WASHINGTON -- U.S. Rep. French Hill, R-Ark., is co-sponsoring legislation aimed at increasing federal funding for historically Black colleges and universities.
In the U.S. House, Hill serves as co-chairman of the Congressional Bipartisan HBCU Caucus, along with U.S. Rep. Alma Adams, D-N.C. On Wednesday, they touted their bill, dubbed the Institutional Grants for New Infrastructure, Technology and Education for HBCU Excellence Act.
The amount of money they're seeking has not been determined, Adams said, but she suggested that it would be substantial.
"For over 150 years, HBCUs have been agents of equity, access and excellence in education, despite being ignored and marginalized by federal and state governments. This historic bipartisan bill changes that," she said.
A former historically Black colleges and universities professor, as well as an alumna, Adams called the IGNITE HBCU Excellence Act "the most transformative legislation for historically Black colleges and universities ever."
Hill, who has three historically Black colleges in his district, said the legislation would help "ensure that HBCUs have a bright future ahead of them."
"As a former community banker and a former chamber chairman in metro Little Rock, I know the academic and economic power and strength of these HBCUs, not only for the benefit of those students, but for the benefit of the greater Little Rock workforce," Hill said.
"This bill will, in my view, give them the tools and conditions and infrastructure they need for the campus in the future and the students of the future," Hill added.
The legislation authorizes funding for constructing, renovating, preserving or modernizing school facilities, plus money for high-speed broadband services and other priorities.
It will be championed in the U.S. Senate by Sens. Tim Scott, R-S.C., and Chris Coons, D-Del.
Historically Black colleges make up around 3% of all four-year colleges, but their impact is significant in the African American community, caucus officials said.
Roughly 17% of all Black graduates with four-year degrees went to historically Black schools, caucus officials said.
A disproportionate number of those are low-income or first-generation college students.
U.S. Rep.
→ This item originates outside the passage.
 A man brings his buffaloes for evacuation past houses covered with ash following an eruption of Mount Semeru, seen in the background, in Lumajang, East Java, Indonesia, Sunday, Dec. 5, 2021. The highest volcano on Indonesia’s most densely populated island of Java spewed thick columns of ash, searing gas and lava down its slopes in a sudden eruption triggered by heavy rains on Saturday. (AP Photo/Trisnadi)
Danny K. Davis, D-Ill., who attended the announcement, said the schools offered a path out of poverty for him, his four sisters and his two brothers.
The son of an Arkansas Delta sharecropper, he worked in Ashley County's cotton fields before leaving home at age 16 to attend a historically Black college in Jefferson County.
Studying at Arkansas Agricultural, Mechanical and Normal College, now known as the University of Arkansas at Pine Bluff, changed his life, he said.
"Had it not been for these HBCUs, I wouldn't be standing here this afternoon as a member of Congress," Davis, 79, told reporters and fellow lawmakers.
After sharing his story, he urged everyone to get behind the bill.
"Spread the word," he said. "Make sure everybody gets it."
In an interview, Adams said she plans to do just that.
"IGNITE. That's what we call the bill, so we're going to light that flame today and move forward," she said.
She's glad to see people reaching across the aisle to help advance historically Black colleges, she said.
The bipartisan nature of the caucus "shows that we can work together -- members of both parties," she said.
"This has been wonderful," she added.
With Republicans and Democrats joining forces, "we're going to hopefully make some headway," she said.
Roderick Smothers, president of Philander Smith College in Little Rock, said he wasn't surprised to see Hill championing legislation that would help the school.
"He's been extremely helpful," Smothers said.
If the bill becomes law, then it will give a big boost to Philander Smith and other historically Black colleges and universities, he said.
"We've never been fully funded. We've always been under-resourced. But we have been able to still do amazing things and graduate amazing students who've gone on to change the world for the better," he said.
"This legislation provides the type of resources to our institution that will allow us to address things, quite honestly, that we have not been able to address," Smothers said.